When I read the Washington Times, whether online or in its traditional paper form, the first thing I do after scanning the headlines on page one is turn to John McCaslin's column, "Inside the Beltway." It's always got the best tidbits on the most interesting "stuff" of Washington, which is why many folks around the country now make it a regular stop on their daily reading list.
Recently, I hosted a book event for John McCaslin at the Heritage Foundation to introduce folks to his new book by the same name, "Inside the Beltway" ? a must-read for all those interested in the personalities and moves of "Washington types". Why would I host an event and dedicate a column to material not seen as "hard news"? Because most times you can learn more about the character of a person when they think no one is watching.
But John McCaslin is always watching, so to speak. The wild popularity of his column sends the best news his way via some 1,000 e-mails a day from his eyes and ears in Washington and beyond. Veteran journalist that he is, John only uses tips from trusted sources and/or items he can verify. And many of these great insights into the lives of the powerful are included in his book in more expansive form than the space allotted for his daily column.
There's something about John you should know: He's a perfect gentleman ? the type rarely seen anywhere these days, let alone in Washington.

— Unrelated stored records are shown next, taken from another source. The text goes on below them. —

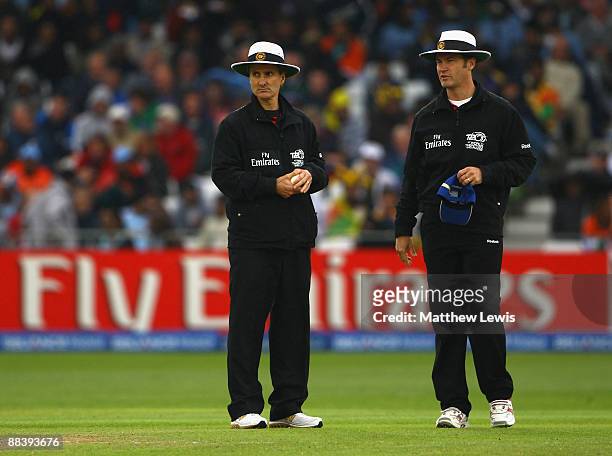 Umpire Simon Taufel and Umpire Billy Bowden confer during the ICC World Twenty20 match between West Indies and Sri Lanka at Trent Bridge on June 10,...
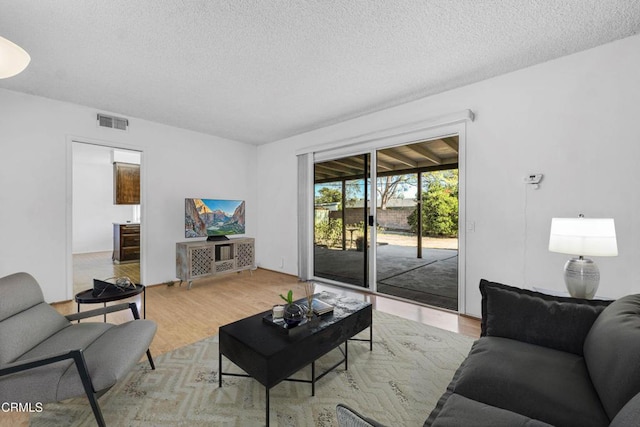 living room with hardwood / wood-style flooring, a textured ceiling, and wine cooler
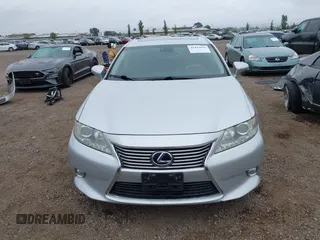 2013 Lexus ES 300h z VIN JTHBW1GG2D2009503, wystawiony jako IAAI lot #42429692 z przebiegiem 265 312 mil mil oraz . Historia ofert i sprzedaży dostępna na DreamBid. Obrazek 13.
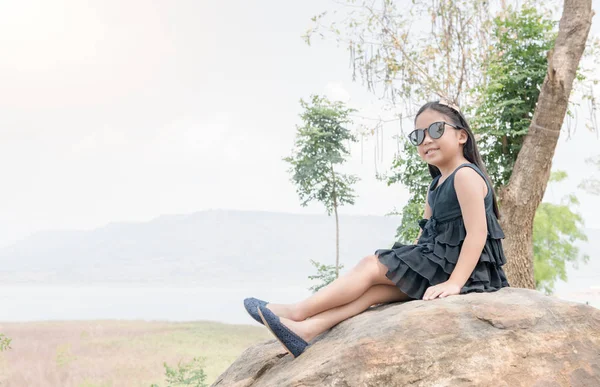 Linda chica sentarse en roca en la presa de fondo — Foto de Stock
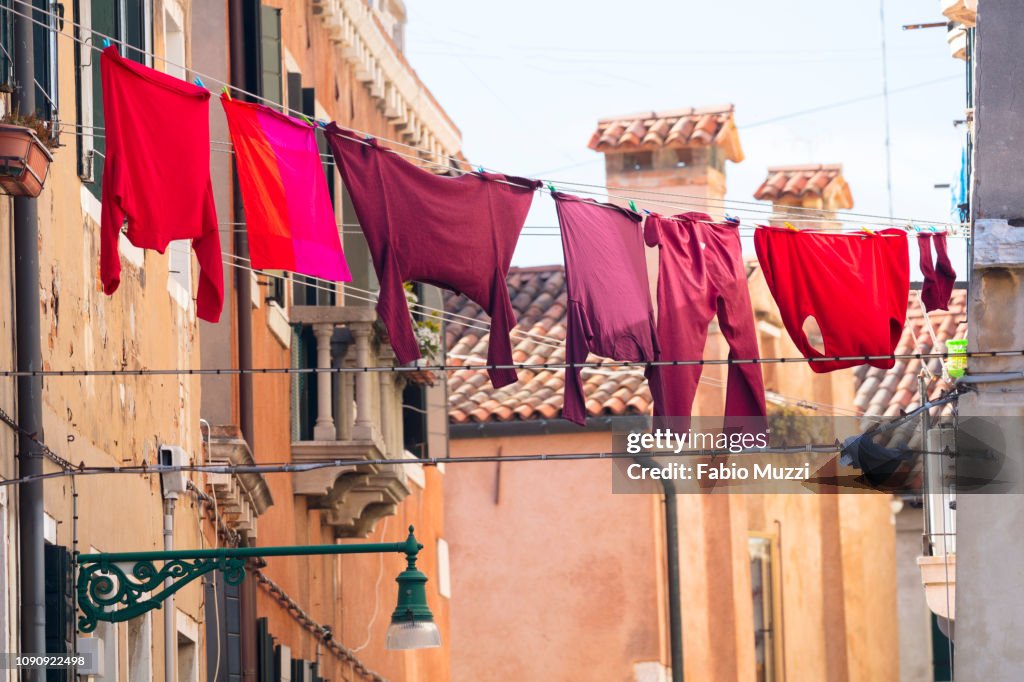 Red and pink clothing on clothesline outside traditional houses, Venice, Veneto, Italy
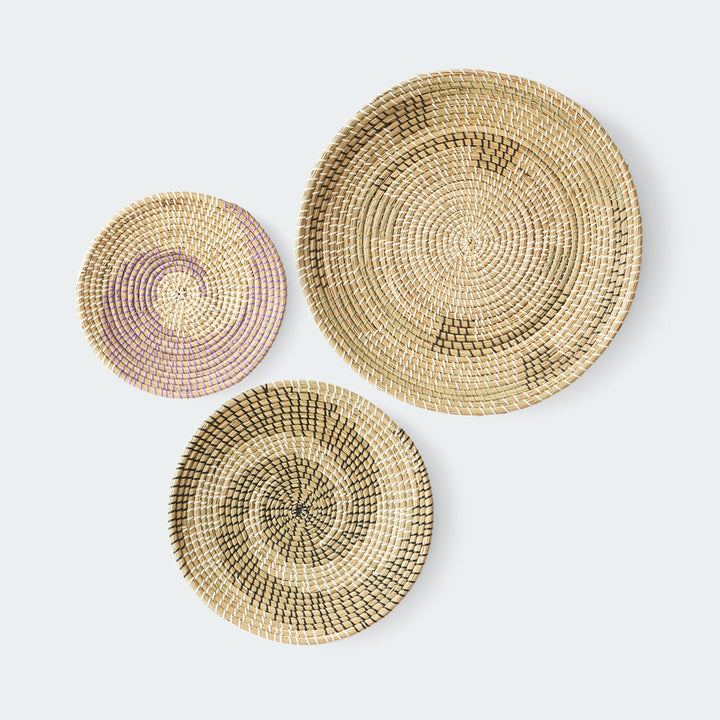 Set of three round woven wall baskets in natural, brown, and purple colors with hanging rope by Artera Home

And he is a warm, attentive father to his beautiful and poised 16-year-old daughter, Kerry, who often accompanies him on speaking engagements. John's writing reflects his thoughtful, deliberate style ? a style that is thoroughly engaging, but never mean or crass.
He simply collects the type of information a lot of reporters miss, the kind that gives insight into what type of person they're covering, and reports it in a manner that creates a vivid snapshot of the scene in your mind. As the popularity of McCaslin's column demonstrates, if you are known for collecting enough accurate "inside" information and sharing it in a manner that is useful, folks come to respect, trust and rely on you for the "real scoop."